Tip Using images instead of textures saves disk space and setup time,
however, it introduces a small computational cost at the beginning of a
render.

The material parameters that can be modified by a texture map are:

- Ka (color)
- Kd (color)
- Ks (color)
- Ns (scalar)
- d (scalar)

In addition to the material parameters, the surface normal can be
modified.


Image file types

You can link any image file type that is currently supported.
Supported image file types are listed in the chapter "About Image" in
the "Advanced Visualizer User's Guide". You can also use the "im_info -
a" command to list Image file types, among other things.


Texture file types

The texture file types you can use are:

- mip-mapped texture files (.mpc, .mps, .mpb)
- compiled procedural texture files (.cxc, .cxs, .cxb)


Mip-mapped texture files

Mip-mapped texture files are created from images using the Create
Textures panel in the Director or the "texture2D" program. There are
three types of texture files:

- color texture files (.mpc)
- scalar texture files (.mps)
- bump texture files (.mpb)

Color textures. Color texture files are designated by an extension of
".mpc" in the filename, such as "chrome.mpc". Color textures modify the
material color as follows:

- Ka - material ambient is multiplied by the texture value
- Kd - material diffuse is multiplied by the texture value
- Ks - material specular is multiplied by the texture value

Scalar textures. Scalar texture files are designated by an extension
of ".mps" in the filename, such as "wisp.mps". Scalar textures modify
the material scalar values as follows:

- Ns - material specular exponent is multiplied by the texture value
- d - material dissolve is multiplied by the texture value
- decal - uses a scalar value to deform the surface of an object to
create surface roughness

Bump textures. Bump texture files are designated by an extension of
".mpb" in the filename, such as "sand.mpb". Bump textures modify
surface normals. The image used for a bump texture represents the
topology or height of the surface relative to the average surface. Dark
areas are depressions and light areas are high points. The effect is
like embossing the surface with the texture.


Procedural texture files

Procedural texture files use mathematical formulas to calculate sample
values of the texture. The procedural texture file is compiled, stored,
and accessed by the Image program when rendering. for more information
see chapter 9, "Procedural Texture Files (.cxc, .cxb. and .cxs)".

Syntax

The following syntax describes the texture map statements that apply to
.mtl files. These statements can be used alone or with any combination
of options. The options and their arguments are inserted between the
keyword and the "filename".

map_Ka -options args filename

Specifies that a color texture file or a color procedural texture file
is applied to the ambient reflectivity of the material. During
rendering, the "map_Ka" value is multiplied by the "Ka" value.

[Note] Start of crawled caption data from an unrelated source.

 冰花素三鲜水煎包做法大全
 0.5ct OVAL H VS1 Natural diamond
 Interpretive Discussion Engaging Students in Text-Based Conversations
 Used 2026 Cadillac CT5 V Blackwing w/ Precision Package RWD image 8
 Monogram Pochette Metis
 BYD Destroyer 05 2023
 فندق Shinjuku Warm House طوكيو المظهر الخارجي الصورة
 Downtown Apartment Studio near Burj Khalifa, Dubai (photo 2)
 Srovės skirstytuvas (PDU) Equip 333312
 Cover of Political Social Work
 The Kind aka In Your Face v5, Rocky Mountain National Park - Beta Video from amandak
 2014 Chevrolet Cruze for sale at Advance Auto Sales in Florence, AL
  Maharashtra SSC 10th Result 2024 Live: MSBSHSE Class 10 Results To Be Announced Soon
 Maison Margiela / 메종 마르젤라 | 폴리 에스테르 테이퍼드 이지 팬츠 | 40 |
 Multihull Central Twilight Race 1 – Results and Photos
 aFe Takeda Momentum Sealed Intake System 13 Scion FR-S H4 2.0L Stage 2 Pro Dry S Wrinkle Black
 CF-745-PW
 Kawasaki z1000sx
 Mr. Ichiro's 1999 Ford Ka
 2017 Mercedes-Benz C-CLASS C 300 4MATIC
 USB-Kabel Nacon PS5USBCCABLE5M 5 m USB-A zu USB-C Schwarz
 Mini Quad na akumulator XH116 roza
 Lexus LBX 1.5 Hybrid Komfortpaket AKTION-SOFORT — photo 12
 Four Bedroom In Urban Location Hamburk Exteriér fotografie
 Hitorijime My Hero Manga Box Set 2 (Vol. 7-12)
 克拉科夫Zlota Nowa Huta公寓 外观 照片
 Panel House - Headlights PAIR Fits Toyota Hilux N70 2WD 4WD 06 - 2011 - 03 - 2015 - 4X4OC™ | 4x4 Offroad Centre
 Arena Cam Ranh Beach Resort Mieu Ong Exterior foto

"filename" is the name of a color texture file (.mpc), a color
procedural texture file (.cxc), or an image file.

Tip To make sure that the texture retains its original look, use the
.rfl file "ident" as the underlying material. This applies to the
"map_Ka", "map_Kd", and "map_Ks" statements. For more information on
.rfl files, see chapter 8, "Spectral Curve File (.rfl)".

The options for the "map_Ka" statement are listed below. These options
are described in detail in "Options for texture map statements" on page
5-18.

-blendu on | off
-blendv on | off
-cc on | off
-clamp on | off
-mm base gain
-o u v w
-s u v w
-t u v w
-texres value


map_Kd -options args filename

Specifies that a color texture file or color procedural texture file is
linked to the diffuse reflectivity of the material. During rendering,
the map_Kd value is multiplied by the Kd value.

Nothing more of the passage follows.